Delbert Schlabach and his family built The Home Place from scratch. You can read more of their backstory in my first visit last summer.
"We opened exactly 8 years ago today," Delbert says. It was the eve of the Great Recession and the store struggled to survive.
"Even two years ago I never imagined we'd grow this big," Delbert says, eyeing the expanded bulk food section of his store.
The Schalabachs are part of a small Beachy Amish Mennonite church community that has sprung up along Ohio 125 in rural Brown County, Ohio. What started out as a small furniture store has morphed into a market that sells everything from bedroom suites to homemade creme horns. The store's famous homemade granola (a recipe perfected by Delbert's wife, Susan) is still a swift seller. I made sure to get some for my Dad, since it was his birthday. The granola business has grown so much that it recently had to be spun off as a separate business entirely. The granola is available in some retail stores, you can see a map here.

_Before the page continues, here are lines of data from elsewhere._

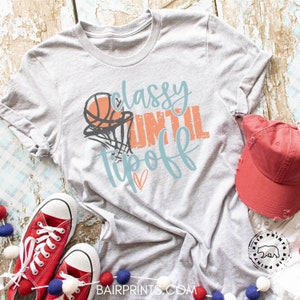 Classy Until Tipoff Basketball Tee Shirt. Game Day Tee. Basketball Mom T-Shirt. Basketball Team Shirt. Basketball Game Day Graphic Tee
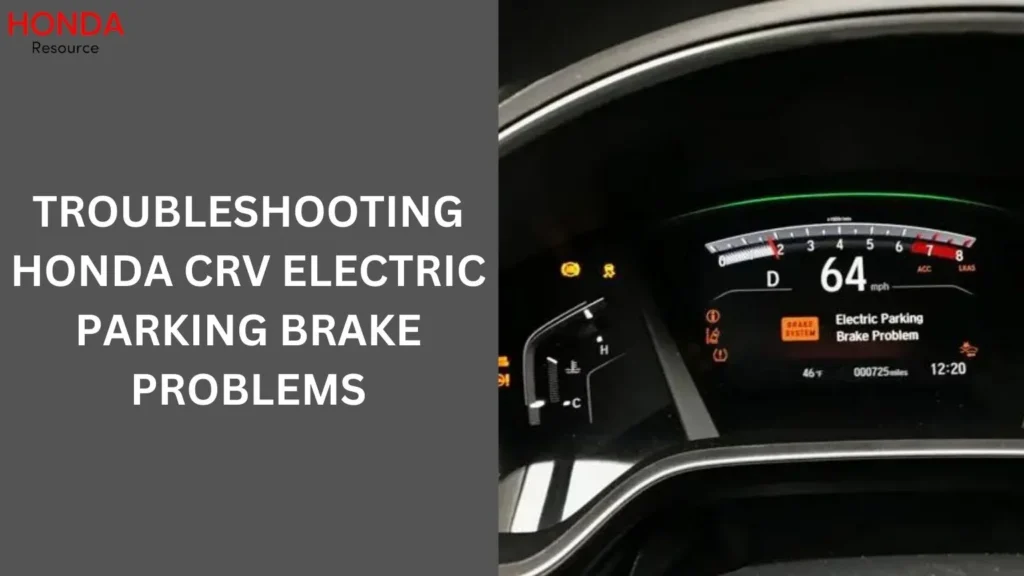 Troubleshooting Honda CRV Electric Parking Brake Problems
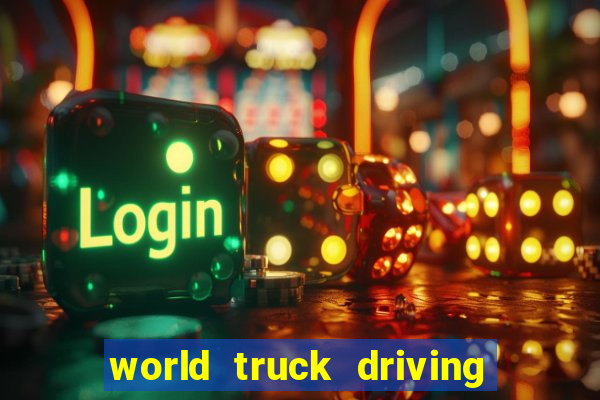 world truck driving simulator tudo desbloqueado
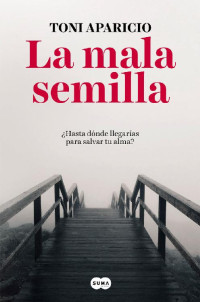 Toni Aparicio — La mala semilla (Spanish Edition)
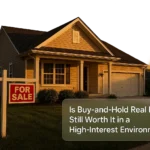 Is Buy-and-Hold Real Estate Still Worth It in a High-Interest Environment?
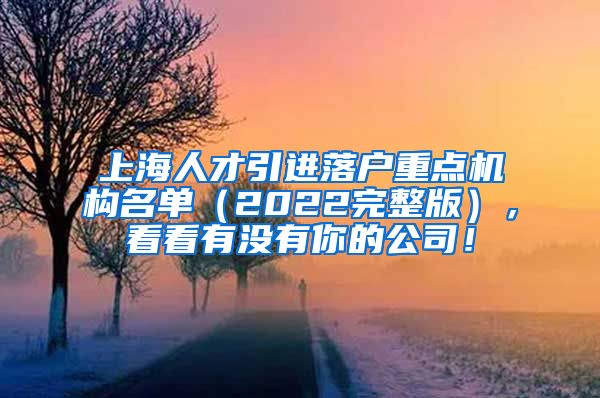 上海人才引进落户重点机构名单（2022完整版），看看有没有你的公司！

This past summer The Home Place completed a series of renovations that practically doubled the store's size. There is now a full-service deli counter where people can order a made-to-order sandwich. Delbert has plans to expand and renovate the bakery so that customers will be able to watch the bakery churn out confections, from pies to cookies. And look for a big wrap-around porch where customers can sit and wile away the afternoon. For holiday shoppers the store's old counter has been incorporated as part of a gift-wrapping station where customers can get their purchases ready to put under their tree.
Our partner paper, the News Democrat in Georgetown recently interviewed Delbert and he described his plans for the store's future:
"“The next phase is to build out over the existing roof,” Schlabach said. “Enclose it and put a wrap-around porch with new entrance, a better entrance and all of that and more warehouse. What I built didn’t allow for much warehouse space. I have a little but not a lot. I have just enough to get by. I wanted more retail space which I have now. The next phase is more warehouse, more kitchen space, and I want to relocate the bathrooms and open up this whole space between the deli and the furniture. It will be totally different. The next phase would probably be to look at building another addition for more furniture. That could be 10 years from now, but it’s what we are looking at. We have a plan in place. I don’t want to be all furniture or all food. I am going to be a combination of furniture, food, and gifts.”"
In addition to being a businessman, Delbert Schlabach is also a minister in his church, so he has to travel at times for pastoral duties. But the store is always in capable hands, run capably by his children and wife. One of his daughters is the store manager.
"We want to keep the Mom and Pop feel, we are out to please our customers and that is what they want," Delbert Schlabach says.
Mary Myers
I'm sure that Susan's bread tastes good and she looks like a sweet lady, however, the bread pans are not sanitary! They have baked on oil residue which needs to be cleaned. The cookie sheet on which the scale sits also has the baked on oil residue. Not an acceptable way to bake for the public.